Il Movimento 5 Stelle ha completato la sua trasformazione, passando dal partito del vaffa a una “forza europeista, moderata e liberale”, come dichiarato da Di Maio. Quali conseguenze per i grillini?
La trasformazione del Movimento 5 Stelle dal vaffa alla svolta moderata è completata. Questo è quanto certificato da Luigi Di Maio in un’intervista a Repubblica, nella quale l’ex capo politico ha affermato come ormai il Movimento sia diventato una “forza europeista, moderata e liberale”.
Una mutazione profonda di quello che doveva essere un partito anti-sistema e che nel 2013 si era presentato in Parlamento per “aprirlo come una scatoletta di tonno”, rifiutando al tempo stesso la definizione di essere di destra o di sinistra.
Proprio Di Maio, d’altronde, è passato dall’annunciare l’impeachment nei confronti di Sergio Mattarella nel 2018, a ricoprire la carica di ministro nel terzo Governo consecutivo, di cui per la seconda volta alla Farnesina, potendo contare su un rapporto diretto con lo stesso presidente della Repubblica.
Adesso, quindi, i militanti e gli elettori, che alle scorse politiche hanno premiato i grillini con il 33% dei voti, dovranno affrontare il nuovo corso del Movimento 5 Stelle, il quale sembra aver scelto definitivamente di far parte di un’alleanza di centrosinistra con il Partito Democratico e Liberi e Uguali.
Trasformazione completata per il Movimento 5 Stelle
La base, come ha dimostrato l’ultima votazione sulla piattaforma Rousseau riguardante il sostegno al Governo Draghi, appare ormai spaccata tra le due anime governista e ortodossa. A certificarlo è stato il risultato che ha registrato meno del 60% di iscritti favorevoli, con uno scarto sui voti contrari mai così esiguo.
L’abbandono di Alessandro Di Battista, tra le figure più seguite dai militanti, ha lasciato orfana la componente più legata alle origini, la quale ora spera nella nascita di un nuovo partito su impulso di Dibba.
Sull’ex compagno di strada, Di Maio ha rivelato di continuare a sentirlo, avendo “imparato a dividere l’amicizia dalla politica”, dichiarando però che, nonostante il dispiacere personale, “doveva andare così”.
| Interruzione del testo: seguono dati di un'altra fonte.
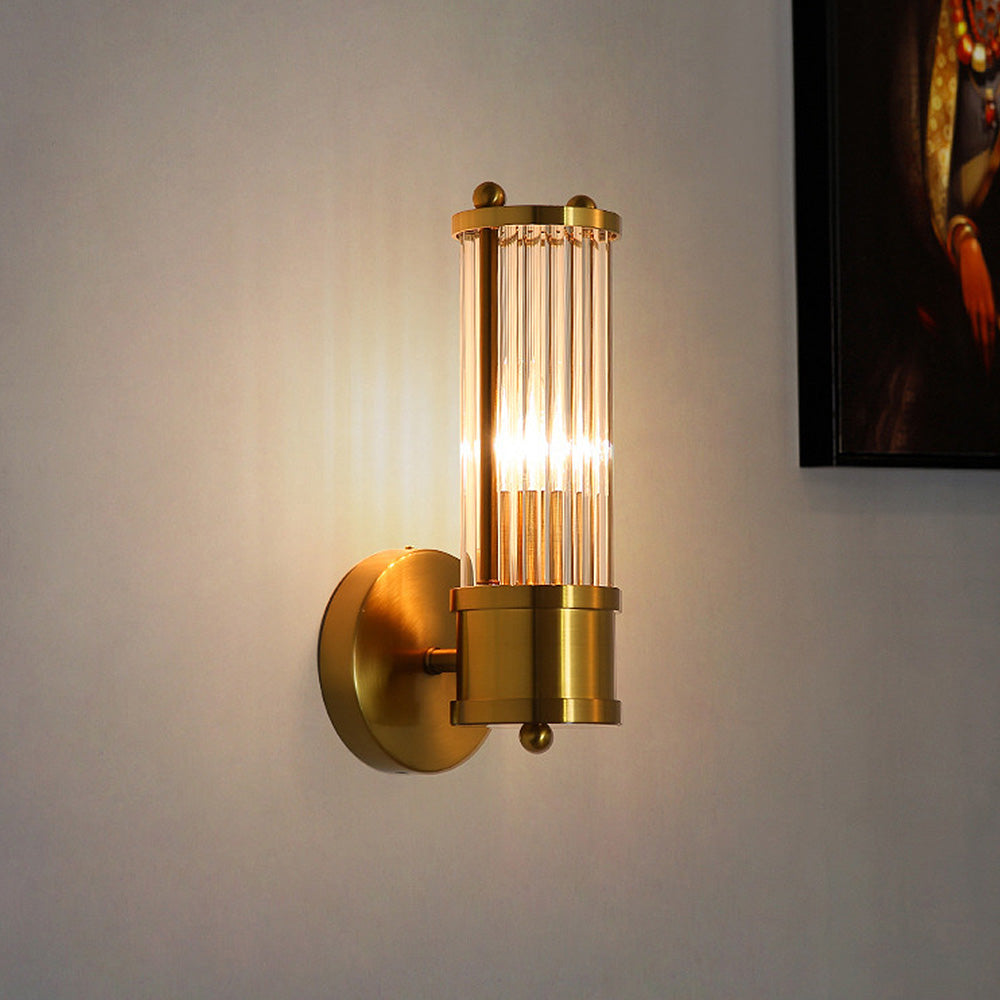 Gyllora - Slank vegglampe i gullfarget finish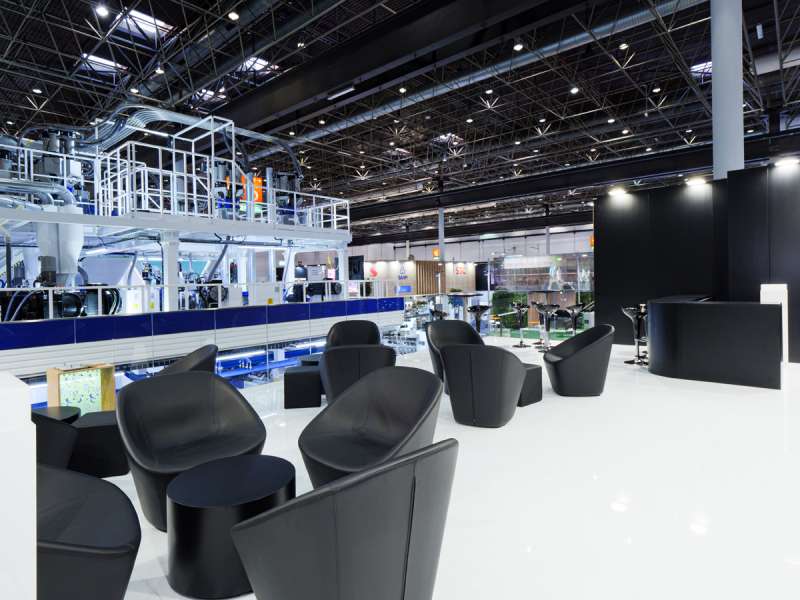 fiere all'estero, soluzioni personalizzate, fiere in italia, noleggio e vendita maxi schermo, soluzioni altamente personalizzate, stand soppalco, stand laccati, concept design in made, executive design, design e architettura contemporanea, ledwall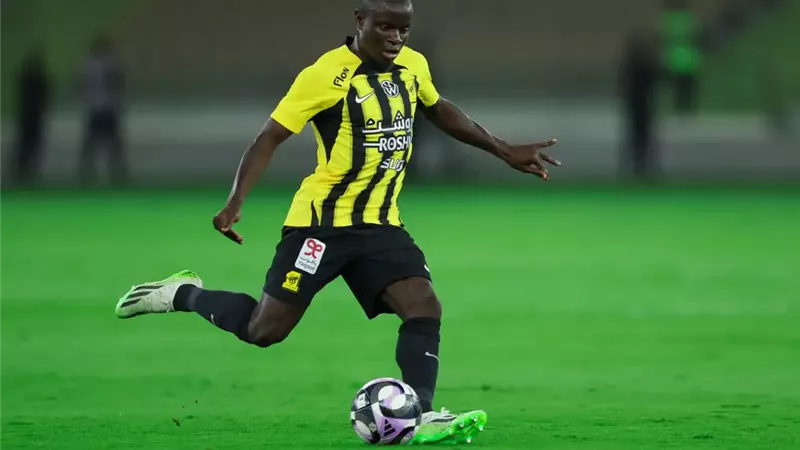 اتحاد جدة يكثف مفاوضاته لتمديد عقد نجولو كانتي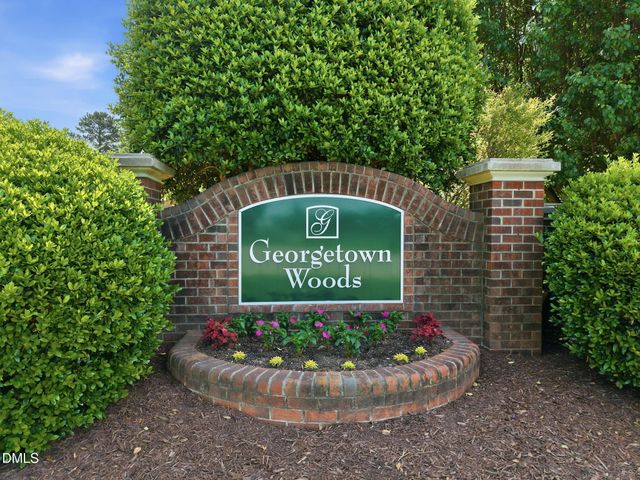 10 Georgetown Woods Drive, Youngsville, NC 27596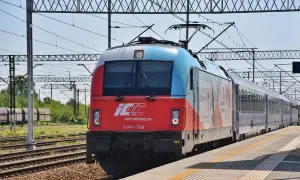 Czerwono-niebieski pociąg PKP Intercity stoi na stacji. Czy można kupić bilet w pociągu? To pytanie zadaje sobie wielu podróżnych.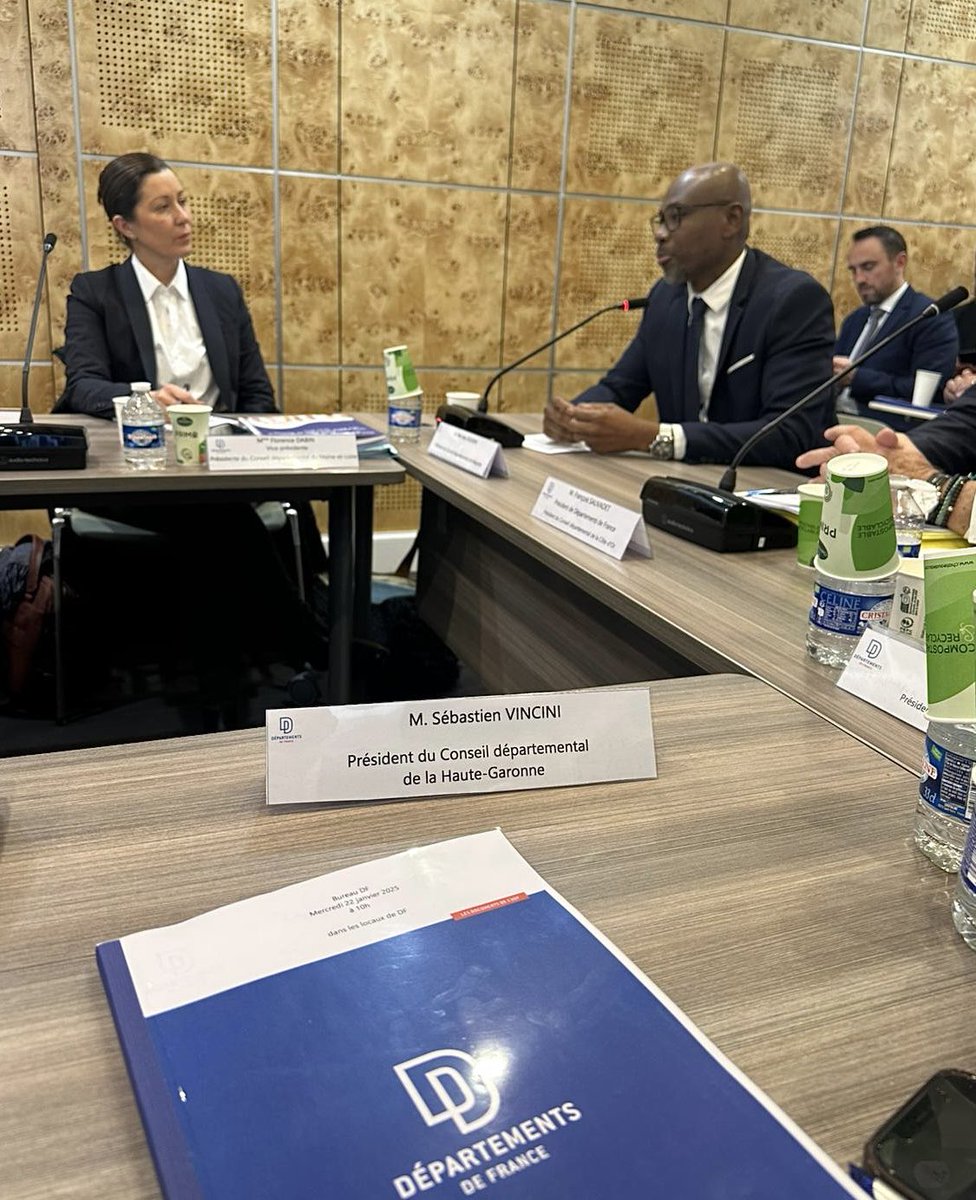 En bureau d’<a href="/ADepartementsF/">Départements de France</a>, échanges avec Ben Issa Ousseni, Président du Département de #Mayotte. 

« Les collectivités mahoraises sont encore en attente des moyens annoncés par l’État. »

Je soumettrai la semaine prochaine l’adoption d’une aide de 50 000€ de la <a href="/HauteGaronne/">Haute-Garonne</a>.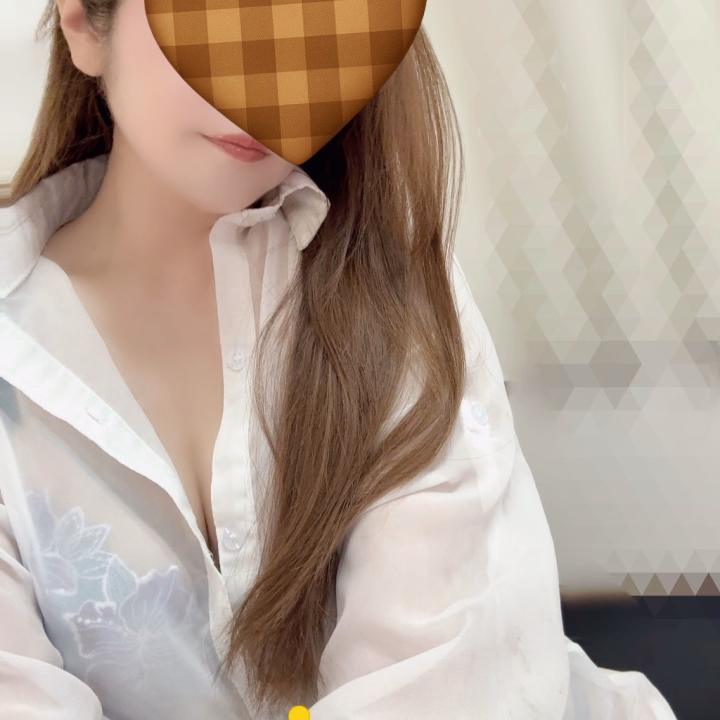 切なくて、恋しくて...春♥️


おはようございます🌈
ただいま出勤＆準備完了✅ゆきほです♪


朝の冷たい空気を感じながら
恋しくなる...🫧


アナタを見つけると秋の始まりを感じ
アナタがいなくなると冬の終わりを実感...


そして、新しい季節が始まる頃には
赤❤️から青💙へ


どこかに穴場の自販機ないですか🥹⁇
コンポタ🌽売ってる自動販売機😳


小腹を満たすのに、ちょうど良い
コンポタ🌽


見つからなくて、切ない
朝は特に恋しくなります✨


本日4/8(水)15:00迄✨
▶️8:30以降ご予約可能🉑


🌟ゆきほ🌟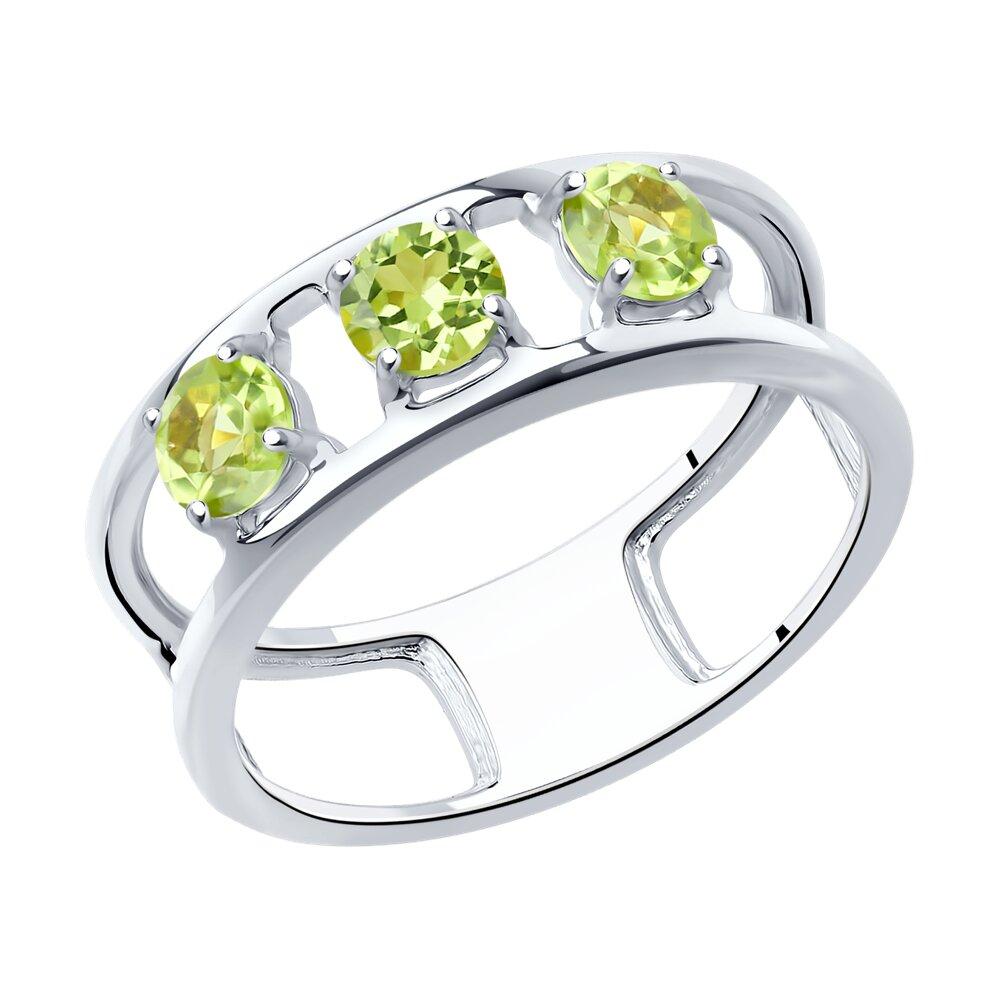 Кольцо из серебра с хризолитами - видео на модели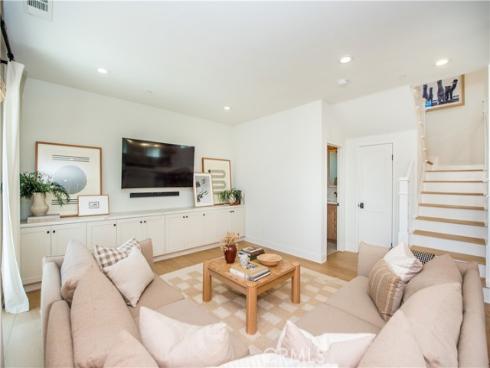 2065 Thurin Street, Costa Mesa, CA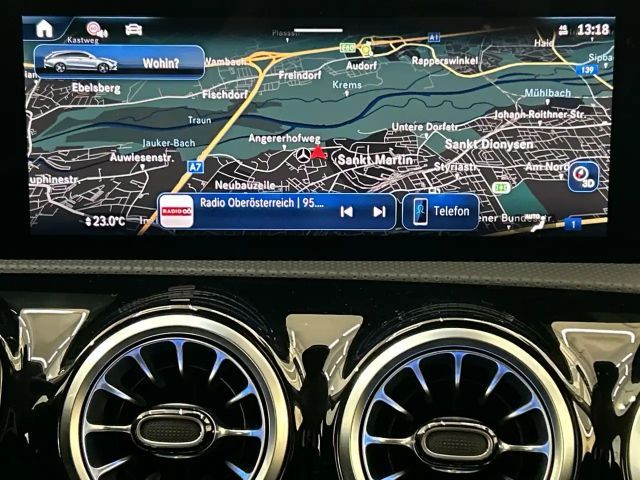 Mercedes-Benz CLA 180 Shooting Brake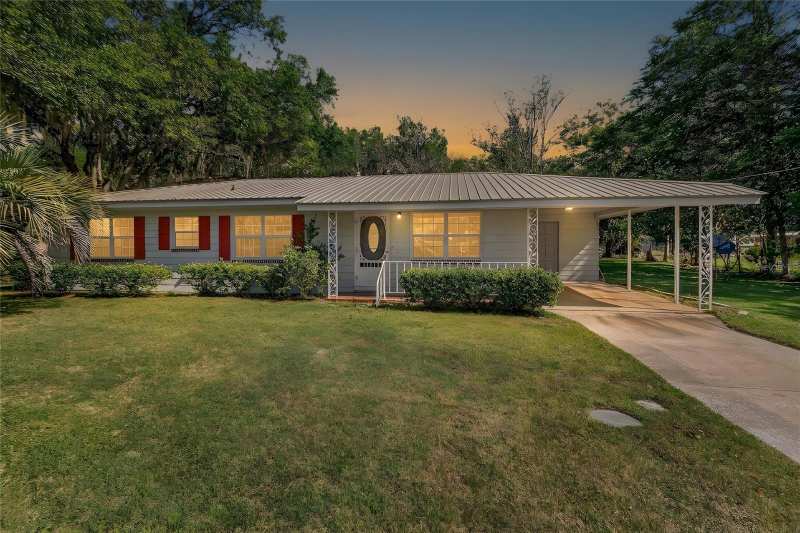3 bedroom Single Family Residence at 432 NW 2nd Avenue, Wardells Sub, Williston — photo 1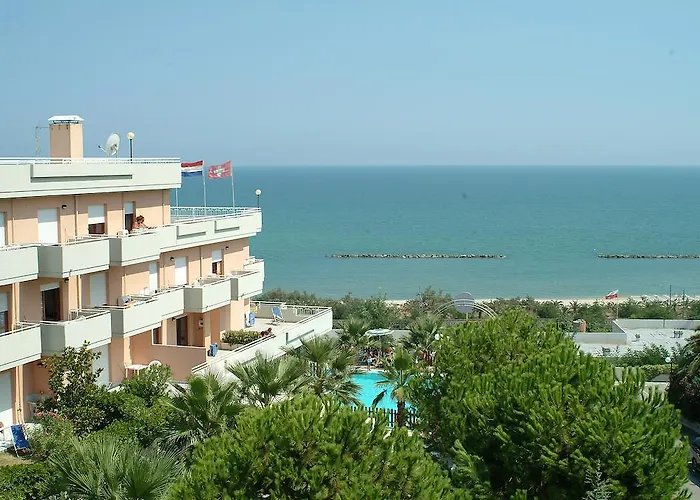 Апарт-отель Azzurro 3*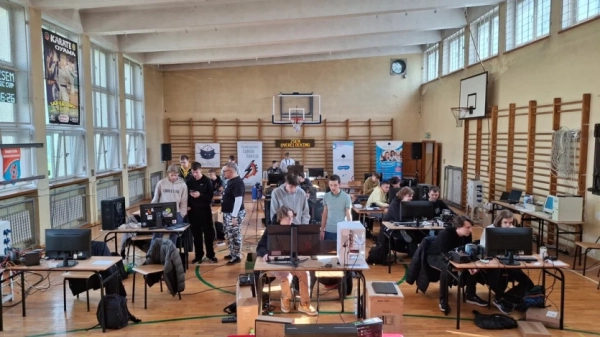 Інформатика мрії: польських учнів вчать розганяти ПК 11 Інформатика мрії: польських учнів вчать розганяти ПК 11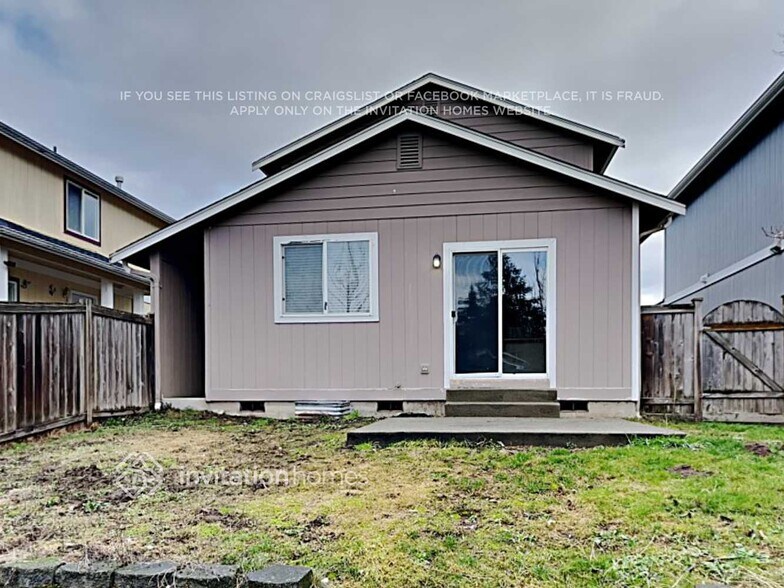 Building Photo - 10504 56th Dr NE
Così come è andata con gli espulsi, i quali hanno contestato un’alleanza di Governo che questa volta include anche l’acerrimo nemico delle origini: Silvio Berlusconi, apostrofato da Beppe Grillo con l’epiteto di “psiconano”.
Dal vaffa alla svolta moderata, ora si aspetta l’ingresso di Conte
Sono in molti comunque ad apprezzare il processo di maturazione, che ha portato il Movimento 5 Stelle a diventare una forza di Governo. Tuttavia, per completare questo passaggio, secondo diversi osservatori, diventa necessario eleggere Giuseppe Conte come capo politico.
Una prospettiva in grado di mettere d’accordo, se non tutti, almeno una larga maggioranza di eletti ed elettori, con lo stesso Grillo pronto a spingere in questa direzione.
L’ostacolo maggiore è però rappresentato dalla confusione delle regole interne del Movimento che allo stato attuale prevedono la creazione di un direttorio collegiale composto da 5 personalità. Una formula approvata da un’altra recente consultazione online.
Per permettere all’ex premier di guidare i 5 Stelle, bisogna quindi cambiare nuovamente in pochi mesi la struttura, magari con la trasformazione in un partito guidato da un leader scelto dagli iscritti.